[Task item] For each entry, return the text exactly and omit any image.

(Items from a dataset)
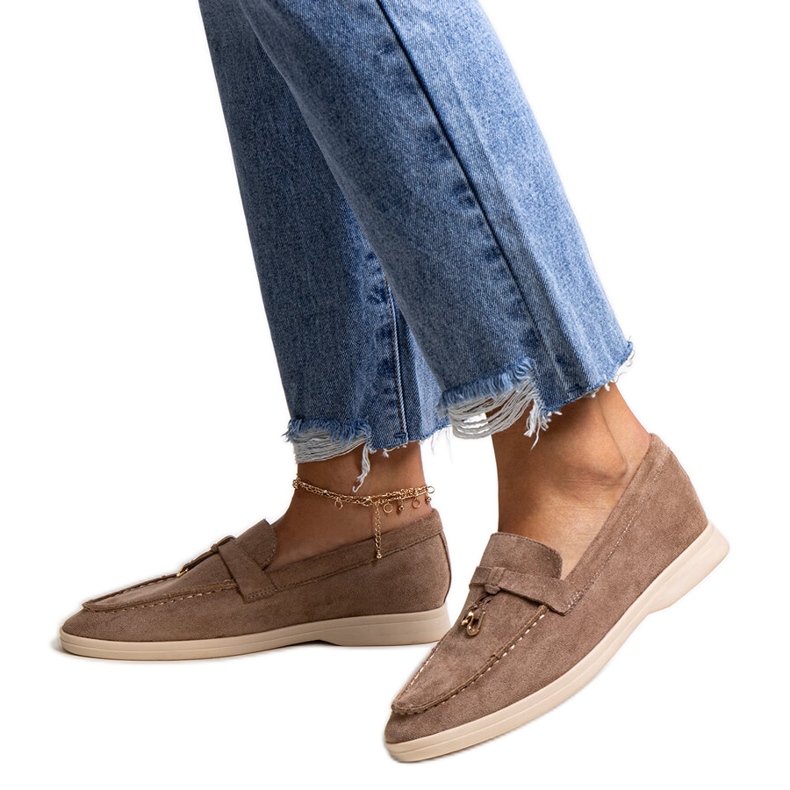 Mocassins marrom escuro com pingente de metal da Fiorano bege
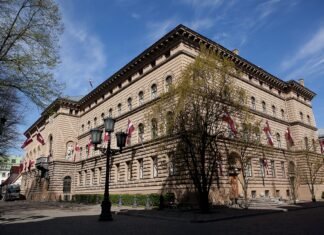 Латвийский Сейм отложил решение по выходу из Стамбульской конвенции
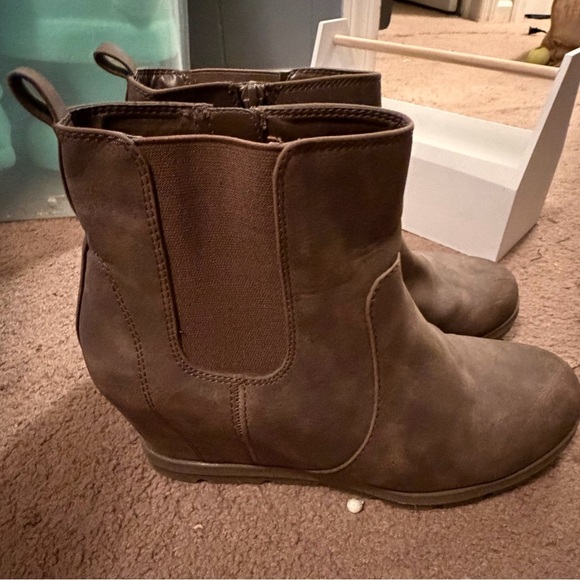 Brown Leather Ankle Boots from Kohls - Picture 2 of 6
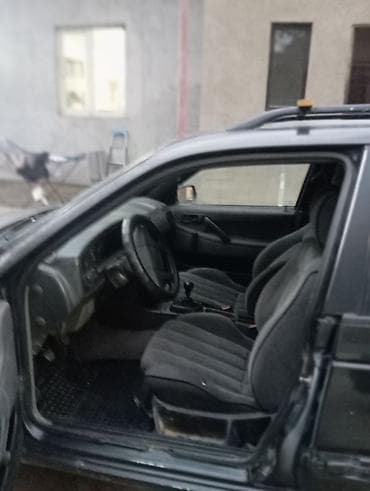 forester 2004: Volkswagen Passat: 1990 г., 2 л, Механика, Бензин, Универсал — 9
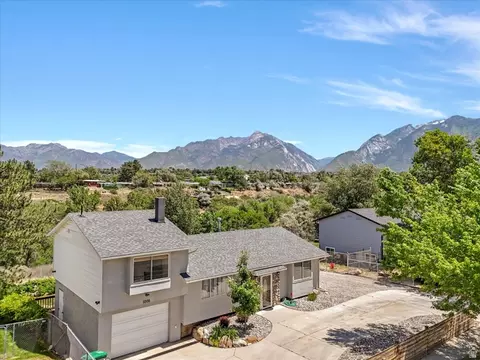 1005 E Violet Dr S, Sandy, UT 84094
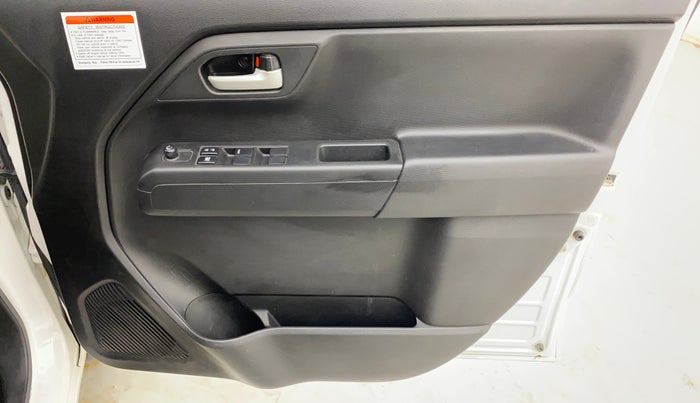 2022 Maruti New Wagon-R VXI CNG 1.0, CNG, Manual, 30,775 km, Driver Side Door Panels Control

[Exercise answer]
 Mocassins marrom escuro com pingente de metal da Fiorano bege
 Латвийский Сейм отложил решение по выходу из Стамбульской конвенции
 Brown Leather Ankle Boots from Kohls - Picture 2 of 6
 forester 2004: Volkswagen Passat: 1990 г., 2 л, Механика, Бензин, Универсал — 9
 1005 E Violet Dr S, Sandy, UT 84094
 2022 Maruti New Wagon-R VXI CNG 1.0, CNG, Manual, 30,775 km, Driver Side Door Panels Control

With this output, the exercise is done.